Renting a car makes sense for beach and rum-distillery excursions outside parade hours (drive on the right), but avoid trying to park in the city during peak events. If you must drive, park on the outskirts and walk in—comfy trainers are your best friend.

Climate & packing

February is dry season in Martinique: warm days around 23–29°C, gentle trade winds, and the occasional brief shower. UV is strong, the beat is relentless, and you’ll be on your feet for hours—pack like a pro.

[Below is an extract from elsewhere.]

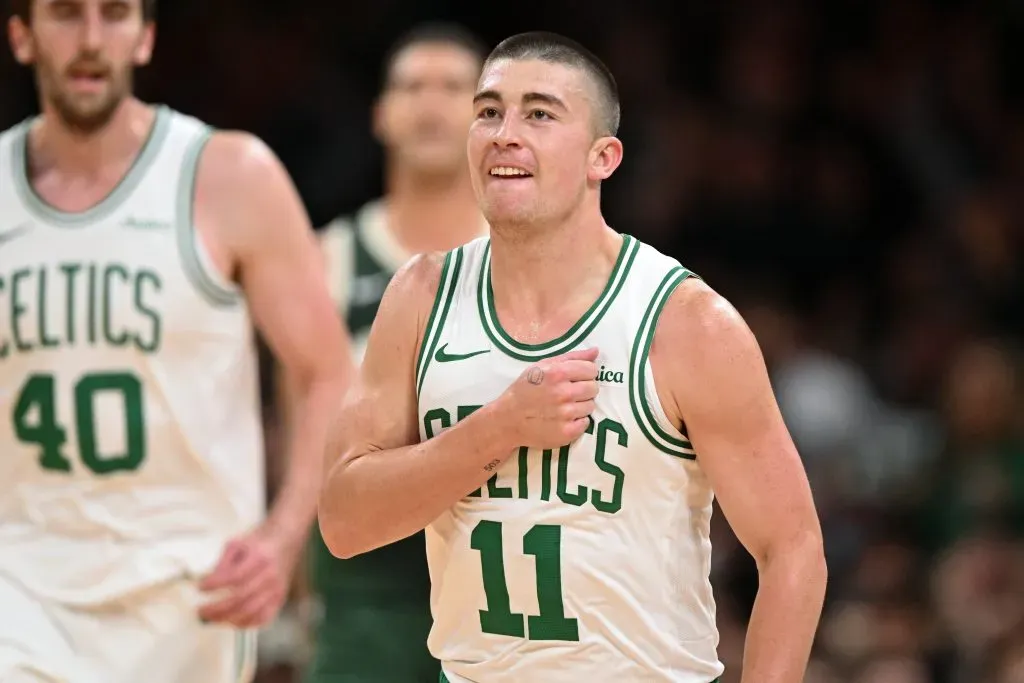 Payton Pritchard #11 of the Boston Celtics reacts after making a three-point basket against the Milwaukee Bucks during the first half at the TD Garden on October 28, 2024 in Boston, Massachusetts.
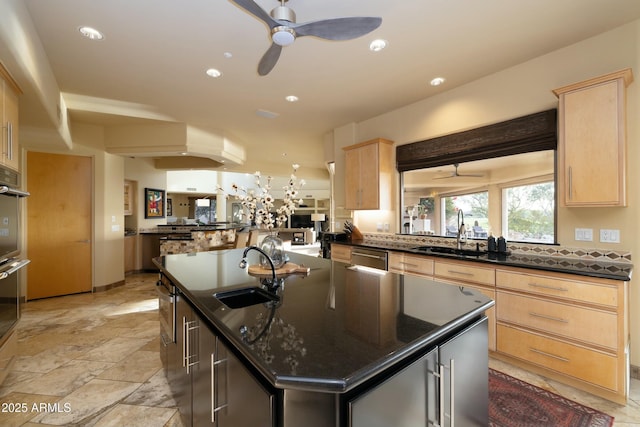 kitchen featuring kitchen peninsula, light brown cabinetry, a center island, and sink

  • Footwear: cushioned, broken-in trainers or carnival boots—your knees and ankles will thank you after miles of chippin’.
  • Sun + hydration: high-SPF sunscreen, lip balm, a soft hydration pack, and electrolyte tabs. Shade is scarce on the route.
  • Outfits: light, breathable fabrics; a small crossbody or fanny pack; and outfits for theme days—DIY wedding wear for Monday, red/black flair for Tuesday, black/white for Wednesday.
  • Mas essentials: tights/shorts under costumes, body tape, safety pins, bandana, earplugs, wet wipes. For Nèg Gwo Siwo: petroleum jelly, headscarf, old clothes and sneakers you can toss.
  • Forgot something? Hit Fort-de-France’s markets and haberdasheries for madras, face gems, and accessories; supermarkets stock sunscreen, snacks, and water.

Sample plan

  1. Pre-carnival Saturday: Land in Fort-de-France, check into your hotel, and wander La Savane as trucks test sound systems. Grab accras and a cold Lorraine beer by the bay, then warm up at a soca/zouk fete—save your legs for the days ahead.
  2. Sunday (Feb 15): Dimanche Gras. Stake out a spot along Boulevard du Général de Gaulle by late morning. Watch Vaval’s arrival and the first eruption of color: glittered queens, brass bands, and groupes à pied shaking the streets. Sunset liming on the Malécon as the city glows.
  3. Monday (Feb 16): J’ouvert + Mariage burlesque. Meet your vidé crew before dawn—drums, whistles, and that pre-sunrise buzz. Nap and refuel, then don your cheekiest wedding getup for the cross-dressed procession. Evening vidé carries you past food stalls serving poulet boucané and colombo.
  4. Tuesday (Feb 17): Mardi Gras & Diables rouges. Go bold in red and black. Join your band around 10am for the longest, loudest day—DJ trucks, rum stops, and endless chippin’. Golden-hour photos at La Savane, then one last nighttime sweep: las lap until your feet give out.
  5. Wednesday (Feb 18): Mercredi des Cendres. Dress in black and white to mourn Vaval. The atmosphere is soulful and playful all at once; when the effigy burns by the waterfront, the island exhales. Celebrate with a quiet dinner—fresh fish, a perfect ti’ punch, and stories for life.
  6. Thursday (Recovery add‑on): Rinse the rum with sea salt at Les Salines beach, then tour a rum distillery—Habitation Clément in Le François or Depaz in Saint‑Pierre—for a deep dive into Martinique’s rhum agricole heritage.